It’s about relearning to function in a world that talks a big talk but walks a different walk, now that you’ve changed (even when you’re still the same person). It’s watching people’s lips move to say what they want to have said, yet whispering from the other side of their mouths when they’re a safe distance away from your uncertain widow self, as though performing a cruel ventriloquist act. It’s about doing the things that need done, knowing every choice will anger someone, and that you will irrevocably anger others by doing absolutely nothing.
Mostly, it’s about learning to categorize yourself in a world where identities are defined by checkboxes, and the choices offered have shifted, or worse, fail to exist. Mrs? Ms.? Miss? Single? Married? Divorced? Single filing jointly? Married filing individual? Instead of worrying about what I was, am, or might be in the future, I’d rather share ten lessons I’ve learned over the last one hundred and fifty days.
10 Basic Lessons Every Widow(er) Learns
- You will lose friends at the time when you need them most.
- Stupid things will make you cry.
- All tears are not from the same emotion.
- You will hate the question, “How are you?” and the accompanying inflection of pity/sorrow/sympathy/curiosity/obligation with every atom of your existence, mostly because no one wants to hear anything except “Fine.” You will also grow to hate every mention of your strength, your bravery and how much you’re admired for these two qualities, neither of which you feel.
- Whatever the lens from which you viewed the world as a married will immediately default into “couple”.
- Listening to friends complain about their spouse, their kids, their minor trivial issues, their general whining about life will piss you off. Seriously.

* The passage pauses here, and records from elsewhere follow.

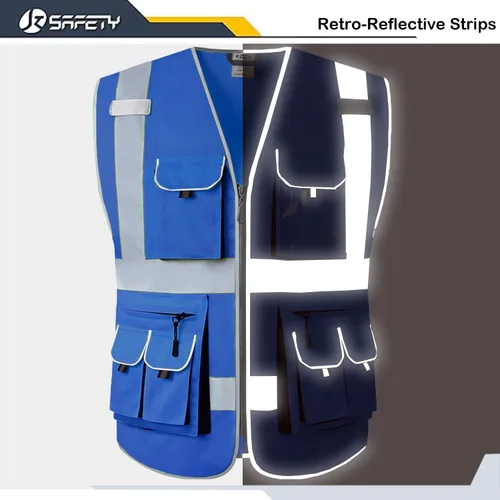 Miniatura 2 de JKSafety Chaleco de seguridad de color azul con 10 bolsillos y cremallera frontal con tiras altamente reflectantes que cumple con las normas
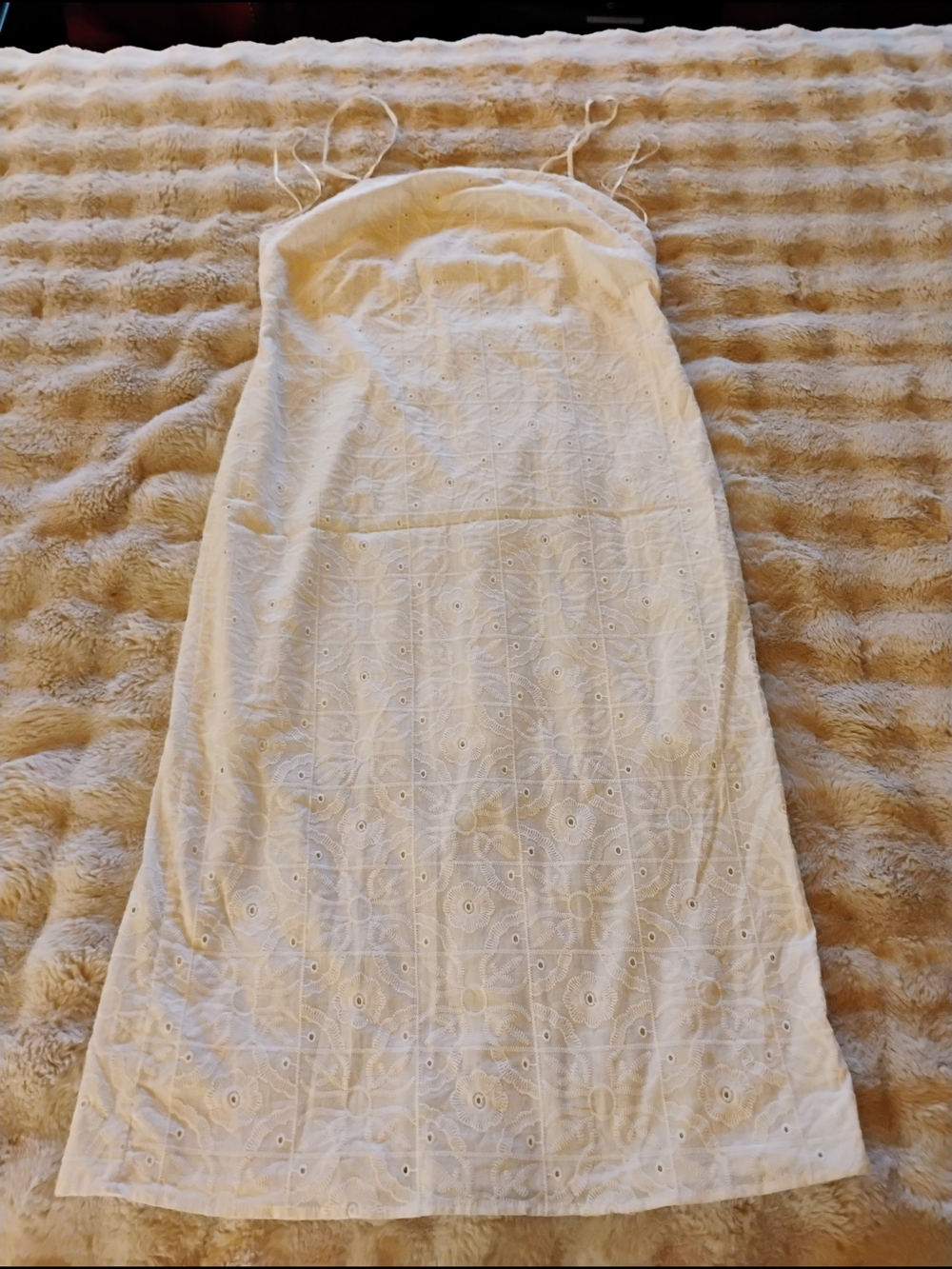 White Eyelet Spaghetti Strap Maxi Dress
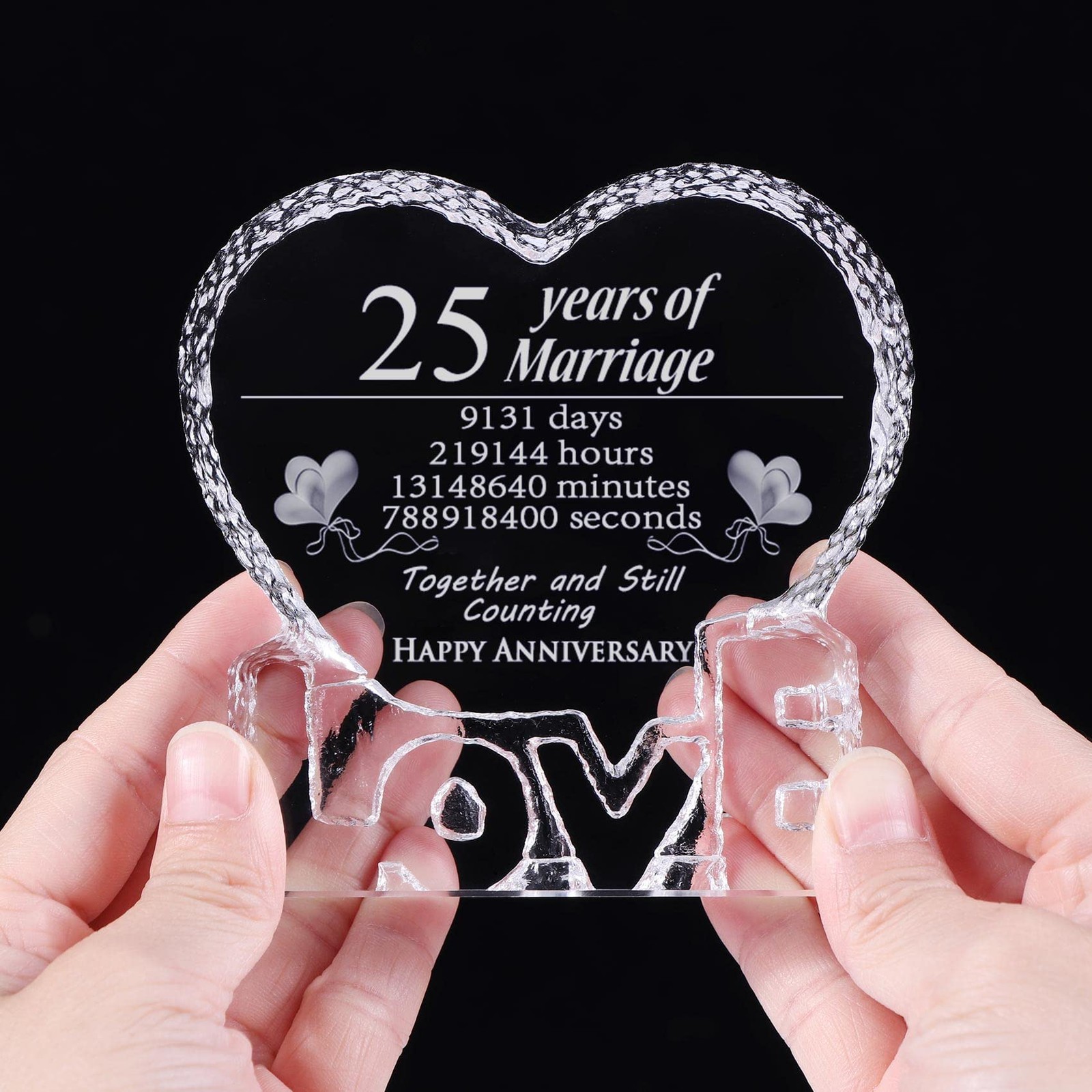 Ywhl 25 Year Marriage 25Th Wedding Anniversary Crystal Paperweight Keepsake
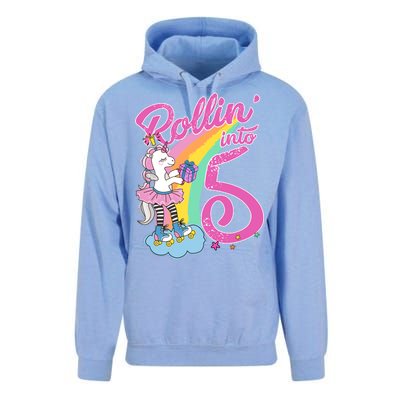 Rollin' Into 5 Skating Unicorn  Unisex Surf Hoodie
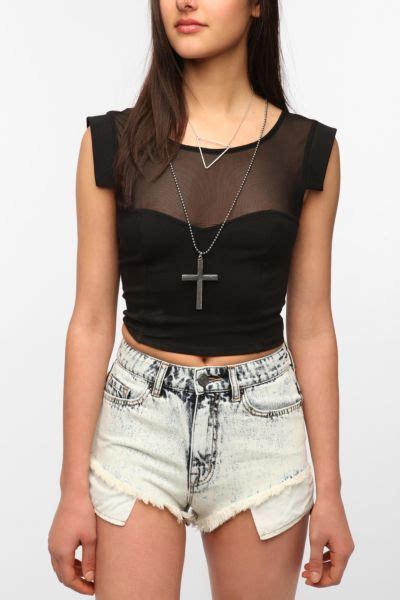 Silence Noise Mesh Cropped Top Urban Outfitters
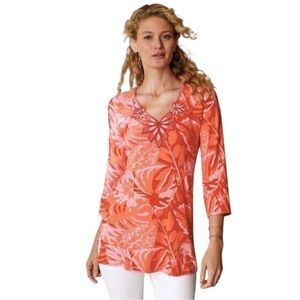 SOFT SURROUNDINGS Tropical Leaves Beaded Del Rio Tunic Blouse in Orange Size Med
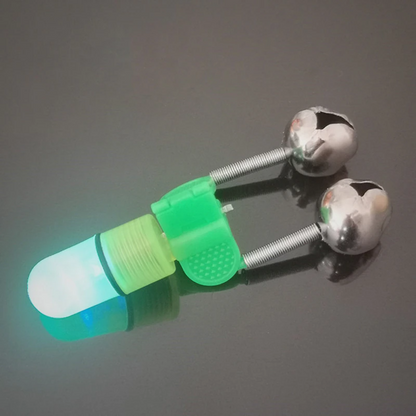 Alarma de Picada LED con 2 Cascabeles para Punta de Caña | Clip de Pinza Nocturno | Pack 10/20/40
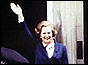 Margaret Thatcher on the steps of Number 10 Downing St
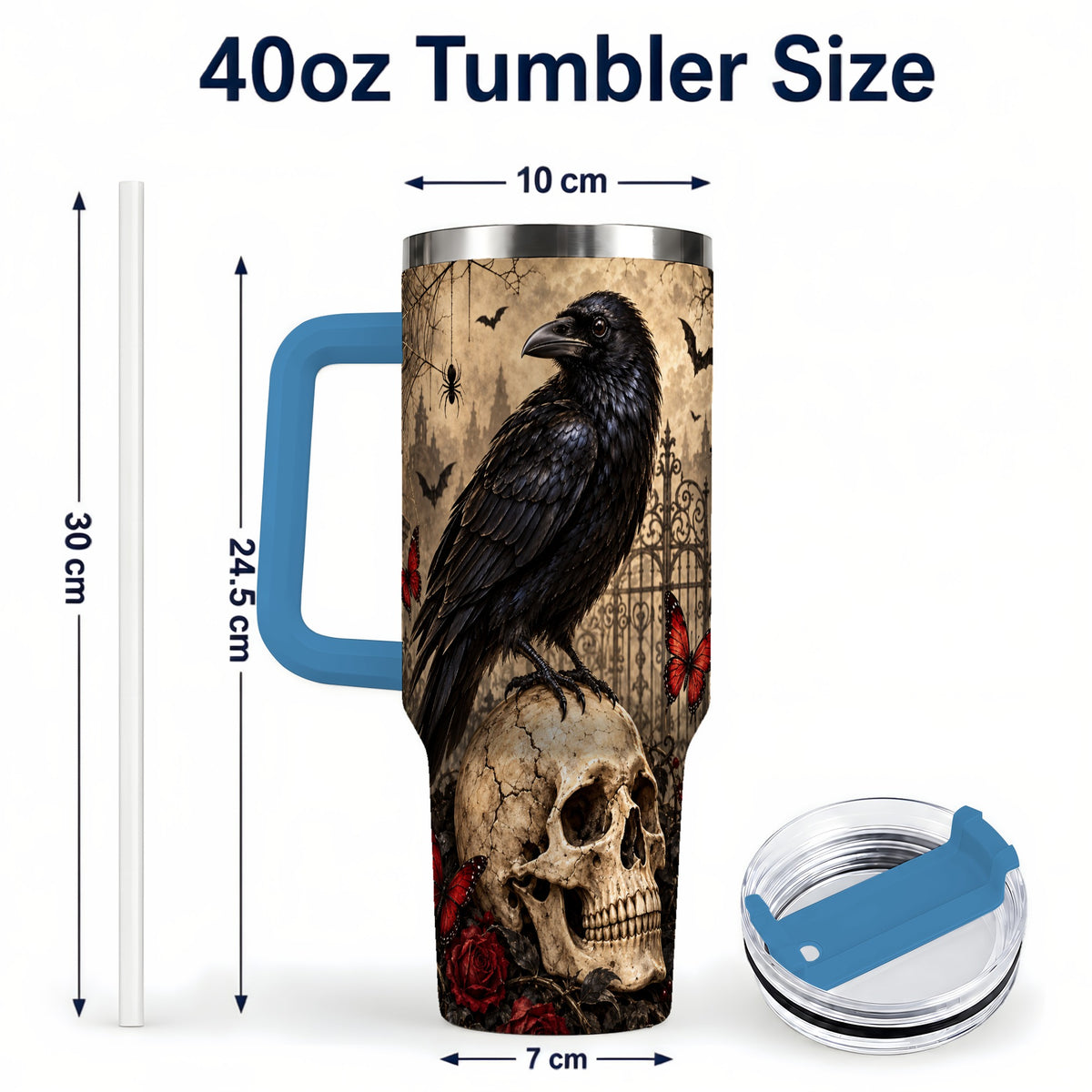 #pl[40oz|Blue] Vintage Raven 40oz Tumbler with Handle, Gothic Skull Travel Cup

- You will be unable to face doing things you and your spouse loved to do together, and some people will not be able to comprehend this, which will lead to judgments.
- People will classify you based on their level of comfort with a label, not the reality of your self and your existence.
- You will be surprised with relationships that offer you comfort in weird ways, that allow you to be yourself without question, that make you realize how much you are loved in ways you didn’t expect.
- Every day will be both a blessing and a curse, an eternity and an instant all in one, and you alone make the choice on the emotional presence you bring to the present.